Well sweety, my wife relapsed last week in her 9th month of sobriety. About 6 weeks after she got sober was Valentines and well... one thing led to a brother (for my daughter)

Yup, six months pregnant, newly married, every dream she had coming true, carryina son she is madly in love with and I left her alone for 6 hours to do an activity and those 6 hours in a resort area where she'd watched people party all week was too much - she bought a bottle, went back to the hotel, poured some in a glass and the rest in a water bottle to hide for later, hid all the evidence then went down to the pool and had a drink.

Then she threw it up and stuck her fingers down her throat to make sure it was all out.

When I got back I was looking for something and saw the bag with the water bottle at the bottom of the suitcase and I knew right away what it was and of course I was right.

Wasn't a great honeymoon. Has been a very hard week since.

Now this girl - this wonderful woman.... I adore this woman. She is the sweetest, most loving, kind, caring.... she is also drop dead beautiful and the sexiest woman alive in my book.

And I do not regret being here, I do not regret marrying her or getting her pregnant one bit but I have made a very large challenge for myself and the odds are that I will fail completely to make a dent. Only she can choose to get well.

So I have a daughter about your age. Knowing what I know today, if she fell for an alcoholic I would probably make sure he went on to more useful purposes like say, fertilizing my garden.

In my situation, I made the decision to marry the woman who is carrying my son after 8 months of seeing her attend her aa meetings religiously and change her life completely. I've known her for several years and I have a lot of reasons for being willing to take this chance. For one thing, she and I are stuck with dealing with each other for life since we are to have a son soon. It makes it a lot easier to take a chance on marrying an addict, I would never marry one otherwise unless it had been years, several years, since they got sober and I was as certain as I could be that they would not go back to it.

So I am just thinking if you were my daughter or one of her friends, what would I say? I'd say it's time to let him go sweety. You have college and a future and a family and a life ahead of you and this is a critical time. You should have FUN and enjoy this time.

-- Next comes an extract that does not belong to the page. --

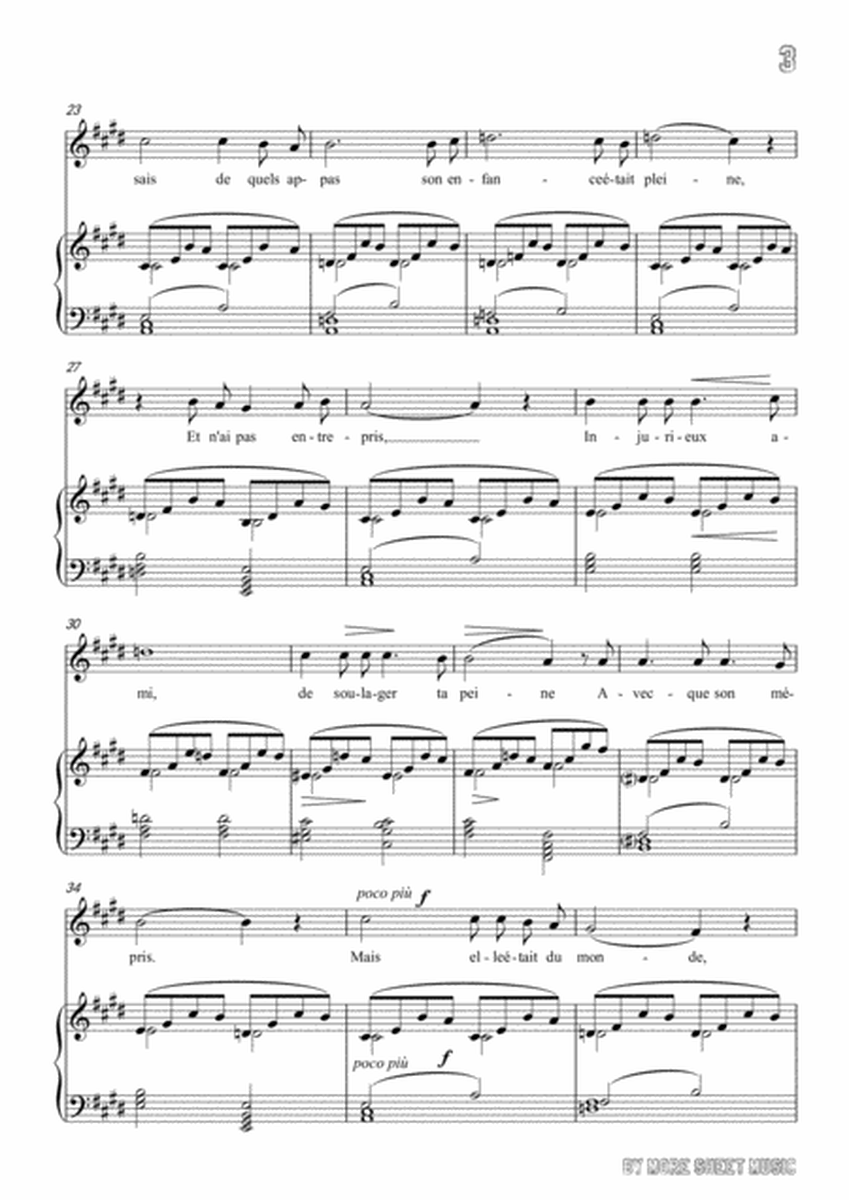 Masse-Consolation in c sharp minor,for Voice and Piano image number null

Caring for an alcoholic is hell. Your time, money, emotions are all consumed by someone else's disease. ...and it is a disease honey, it isn't him. The problem with this disease is that it infects the family and especially the significant other of the sick person 100% of the time.

From my research, most alcoholics stay drunks and never dry out for good. His prognosis is not good. You are not infected yet. Yes, you love him but you don't have kids, a home, a life together....

Run honey, run like hell. Go to school, have fun and follow the one rule I always promote but did not follow: Find someone who is less screwed up than you are and fall in love with THAT person.

I love my wife, I am going to fight like hell to help her get well. I have our marriage, son and our home as incentives. I have good friends who are doctors and lawyers who can help me if it gets icky and I have to drag her to rehab and lock her up or protect myself financially or legally... I am in my 40s and reasonably well off with the means to get the best care and help available and with all that in my favor and a woman who really wants to stay sober and believes in her heart that alcohol will KILL HER if she does not I figure my odds are less than 50-50.

What are yours? he is not afraid, is not going to lose a child, his home, his life (Which is at risk but at his age he feels immortal).

Sorry to lecture you sweety, you sound like a wonderful girl and I hate telling you to run like hell but I am saying exactly that. I have a reason to do this, you do not and if I knew then what I know now I would not have married my wife unless/until I saw her stay sober for a very very long time. like several years.

Go be a kid. You will have decades to deal with hardship and sorrow but it should not be while you are 19. Go be a college kid - not a nanny to a drunk.

Praying for you and apologies for lecturing ;-)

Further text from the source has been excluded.